━━ SUPPLIED INFORMATION ━━
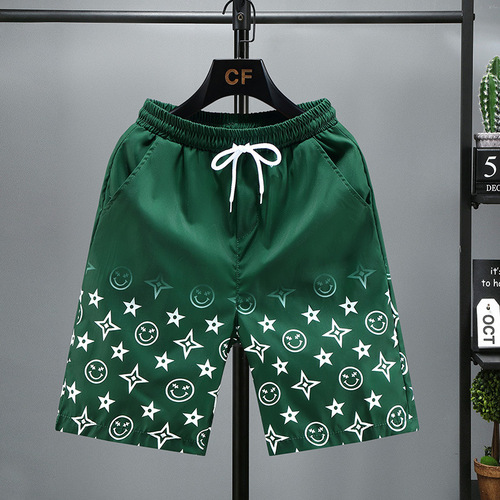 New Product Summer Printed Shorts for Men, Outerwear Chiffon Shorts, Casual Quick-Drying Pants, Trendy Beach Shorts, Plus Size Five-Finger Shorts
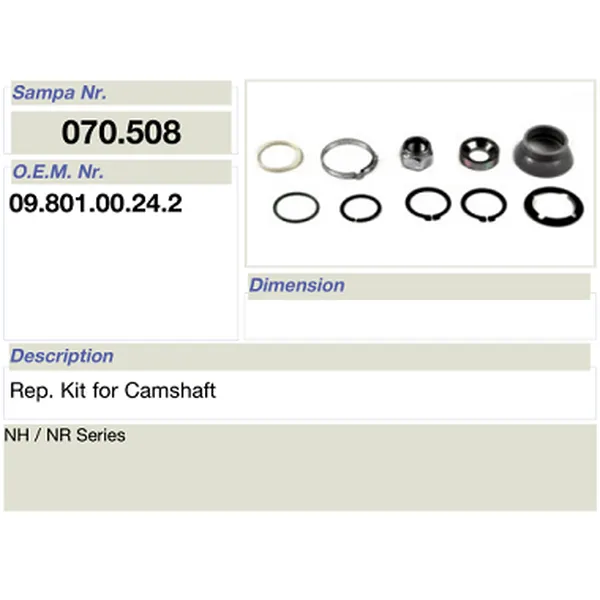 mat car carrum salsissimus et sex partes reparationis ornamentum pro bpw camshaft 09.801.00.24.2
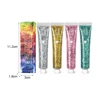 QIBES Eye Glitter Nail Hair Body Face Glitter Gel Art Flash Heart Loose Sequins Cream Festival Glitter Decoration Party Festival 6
━━━
▶ PROMPT
Apart from the images, every line above is to be given again exactly.

▶ EXPECTED ANSWER
 New Product Summer Printed Shorts for Men, Outerwear Chiffon Shorts, Casual Quick-Drying Pants, Trendy Beach Shorts, Plus Size Five-Finger Shorts
 mat car carrum salsissimus et sex partes reparationis ornamentum pro bpw camshaft 09.801.00.24.2
 QIBES Eye Glitter Nail Hair Body Face Glitter Gel Art Flash Heart Loose Sequins Cream Festival Glitter Decoration Party Festival 6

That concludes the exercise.